[Data excerpts]
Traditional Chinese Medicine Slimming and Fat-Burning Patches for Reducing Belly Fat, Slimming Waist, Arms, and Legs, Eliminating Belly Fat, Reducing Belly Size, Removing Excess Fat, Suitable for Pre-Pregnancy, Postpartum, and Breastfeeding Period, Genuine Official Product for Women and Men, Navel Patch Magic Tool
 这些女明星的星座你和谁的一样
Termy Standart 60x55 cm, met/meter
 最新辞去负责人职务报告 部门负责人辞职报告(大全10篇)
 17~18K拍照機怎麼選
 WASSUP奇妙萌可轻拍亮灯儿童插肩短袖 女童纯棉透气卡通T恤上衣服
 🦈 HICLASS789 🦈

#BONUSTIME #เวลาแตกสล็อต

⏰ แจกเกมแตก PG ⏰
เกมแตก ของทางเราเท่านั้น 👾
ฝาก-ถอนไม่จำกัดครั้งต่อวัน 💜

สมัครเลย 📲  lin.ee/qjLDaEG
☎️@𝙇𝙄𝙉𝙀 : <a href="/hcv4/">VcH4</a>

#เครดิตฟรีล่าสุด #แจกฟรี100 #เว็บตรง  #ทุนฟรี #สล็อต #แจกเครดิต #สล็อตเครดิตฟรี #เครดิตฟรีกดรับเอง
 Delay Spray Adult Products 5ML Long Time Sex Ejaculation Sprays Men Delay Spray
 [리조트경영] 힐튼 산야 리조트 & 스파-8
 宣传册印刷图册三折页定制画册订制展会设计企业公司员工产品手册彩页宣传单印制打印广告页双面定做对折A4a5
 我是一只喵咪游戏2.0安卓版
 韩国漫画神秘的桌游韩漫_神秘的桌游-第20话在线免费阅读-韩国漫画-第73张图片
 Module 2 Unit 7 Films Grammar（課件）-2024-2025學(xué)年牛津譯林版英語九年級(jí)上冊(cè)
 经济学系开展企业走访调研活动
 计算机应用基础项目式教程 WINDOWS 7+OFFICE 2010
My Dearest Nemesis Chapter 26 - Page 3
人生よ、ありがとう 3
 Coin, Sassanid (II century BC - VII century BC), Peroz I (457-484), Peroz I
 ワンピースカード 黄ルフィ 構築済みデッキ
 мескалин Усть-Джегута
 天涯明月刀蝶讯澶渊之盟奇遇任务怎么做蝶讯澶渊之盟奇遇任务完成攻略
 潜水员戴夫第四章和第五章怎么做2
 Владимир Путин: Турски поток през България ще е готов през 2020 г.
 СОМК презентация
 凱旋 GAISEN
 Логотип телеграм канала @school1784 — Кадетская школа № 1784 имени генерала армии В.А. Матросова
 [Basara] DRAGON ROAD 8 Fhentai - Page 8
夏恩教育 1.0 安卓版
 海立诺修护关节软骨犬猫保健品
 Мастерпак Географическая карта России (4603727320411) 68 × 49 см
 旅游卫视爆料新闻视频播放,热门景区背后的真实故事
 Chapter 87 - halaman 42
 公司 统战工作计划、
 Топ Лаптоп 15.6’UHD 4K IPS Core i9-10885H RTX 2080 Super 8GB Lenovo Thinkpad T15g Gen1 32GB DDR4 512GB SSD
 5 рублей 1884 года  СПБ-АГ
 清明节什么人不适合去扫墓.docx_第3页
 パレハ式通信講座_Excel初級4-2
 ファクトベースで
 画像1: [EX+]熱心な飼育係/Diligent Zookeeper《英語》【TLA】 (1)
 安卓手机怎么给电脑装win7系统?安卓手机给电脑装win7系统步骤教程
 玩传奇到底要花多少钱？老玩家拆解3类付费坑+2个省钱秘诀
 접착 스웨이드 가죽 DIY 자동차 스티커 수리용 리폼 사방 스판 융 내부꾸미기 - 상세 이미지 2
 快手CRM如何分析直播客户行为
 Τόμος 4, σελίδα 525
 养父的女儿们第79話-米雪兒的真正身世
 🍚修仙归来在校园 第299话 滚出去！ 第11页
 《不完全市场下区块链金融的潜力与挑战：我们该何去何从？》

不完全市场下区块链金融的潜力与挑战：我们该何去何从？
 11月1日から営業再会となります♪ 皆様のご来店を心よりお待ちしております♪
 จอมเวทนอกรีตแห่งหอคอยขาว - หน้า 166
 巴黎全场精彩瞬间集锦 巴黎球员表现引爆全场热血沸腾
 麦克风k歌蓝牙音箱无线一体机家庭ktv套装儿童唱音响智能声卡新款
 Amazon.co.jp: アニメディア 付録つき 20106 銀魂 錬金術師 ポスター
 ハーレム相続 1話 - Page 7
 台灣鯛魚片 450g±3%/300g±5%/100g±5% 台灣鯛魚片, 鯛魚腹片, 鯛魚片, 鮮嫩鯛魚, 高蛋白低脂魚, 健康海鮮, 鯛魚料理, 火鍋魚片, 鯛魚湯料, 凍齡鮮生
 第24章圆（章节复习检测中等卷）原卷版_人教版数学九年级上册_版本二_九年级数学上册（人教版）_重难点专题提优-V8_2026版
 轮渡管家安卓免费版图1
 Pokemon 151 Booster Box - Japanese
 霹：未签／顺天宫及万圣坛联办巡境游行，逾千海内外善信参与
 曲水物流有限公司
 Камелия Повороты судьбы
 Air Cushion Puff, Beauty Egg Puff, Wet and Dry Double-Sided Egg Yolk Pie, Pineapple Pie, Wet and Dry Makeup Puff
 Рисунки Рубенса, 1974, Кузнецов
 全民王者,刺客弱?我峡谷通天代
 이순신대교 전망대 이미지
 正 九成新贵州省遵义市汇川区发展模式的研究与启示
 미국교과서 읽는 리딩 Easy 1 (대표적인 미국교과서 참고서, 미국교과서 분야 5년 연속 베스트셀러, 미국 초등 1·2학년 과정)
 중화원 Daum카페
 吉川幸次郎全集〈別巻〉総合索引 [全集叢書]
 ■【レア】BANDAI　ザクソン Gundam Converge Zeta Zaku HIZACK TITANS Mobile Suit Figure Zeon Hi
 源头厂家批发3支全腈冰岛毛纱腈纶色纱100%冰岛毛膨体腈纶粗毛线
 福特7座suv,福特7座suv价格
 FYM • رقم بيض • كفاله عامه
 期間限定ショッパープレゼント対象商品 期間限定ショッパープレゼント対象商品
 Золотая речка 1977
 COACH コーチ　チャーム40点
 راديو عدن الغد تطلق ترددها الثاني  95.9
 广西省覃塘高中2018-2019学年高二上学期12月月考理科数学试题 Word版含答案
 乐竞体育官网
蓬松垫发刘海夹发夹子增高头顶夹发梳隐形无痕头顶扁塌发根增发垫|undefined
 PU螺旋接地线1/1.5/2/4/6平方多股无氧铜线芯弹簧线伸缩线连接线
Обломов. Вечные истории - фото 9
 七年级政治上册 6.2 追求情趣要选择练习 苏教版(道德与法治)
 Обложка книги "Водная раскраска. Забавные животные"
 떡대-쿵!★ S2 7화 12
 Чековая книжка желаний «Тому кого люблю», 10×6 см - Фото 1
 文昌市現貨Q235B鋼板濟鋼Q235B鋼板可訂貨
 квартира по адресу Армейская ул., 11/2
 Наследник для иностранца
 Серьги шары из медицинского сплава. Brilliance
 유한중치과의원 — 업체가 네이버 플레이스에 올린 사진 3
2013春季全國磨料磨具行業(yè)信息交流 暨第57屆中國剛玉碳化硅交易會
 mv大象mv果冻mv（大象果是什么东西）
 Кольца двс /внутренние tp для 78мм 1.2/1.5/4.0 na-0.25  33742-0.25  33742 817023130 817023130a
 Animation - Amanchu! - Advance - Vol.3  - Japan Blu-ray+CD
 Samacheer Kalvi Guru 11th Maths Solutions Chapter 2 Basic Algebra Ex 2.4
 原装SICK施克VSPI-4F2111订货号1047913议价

### TASK BRIEF:
Your task is to collect every line above that contains the word "Page".

### OUTPUT OF THE TASK:
My Dearest Nemesis Chapter 26 - Page 3
 [Basara] DRAGON ROAD 8 Fhentai - Page 8
 ハーレム相続 1話 - Page 7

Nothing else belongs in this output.